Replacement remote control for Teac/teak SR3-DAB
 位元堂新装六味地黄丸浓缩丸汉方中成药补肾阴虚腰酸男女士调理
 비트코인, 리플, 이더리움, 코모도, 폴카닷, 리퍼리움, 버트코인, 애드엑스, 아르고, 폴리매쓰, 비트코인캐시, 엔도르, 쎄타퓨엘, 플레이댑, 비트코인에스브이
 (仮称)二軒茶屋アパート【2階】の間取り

● ● ● ●

(What is needed): No line should appear in the answer except those from the one containing "位元堂新装六味地黄丸浓缩丸汉方中成药补肾阴虚腰酸男女士调理" through the last line of the listing, each retyped exactly.

(Answer section):
 位元堂新装六味地黄丸浓缩丸汉方中成药补肾阴虚腰酸男女士调理
 비트코인, 리플, 이더리움, 코모도, 폴카닷, 리퍼리움, 버트코인, 애드엑스, 아르고, 폴리매쓰, 비트코인캐시, 엔도르, 쎄타퓨엘, 플레이댑, 비트코인에스브이
 (仮称)二軒茶屋アパート【2階】の間取り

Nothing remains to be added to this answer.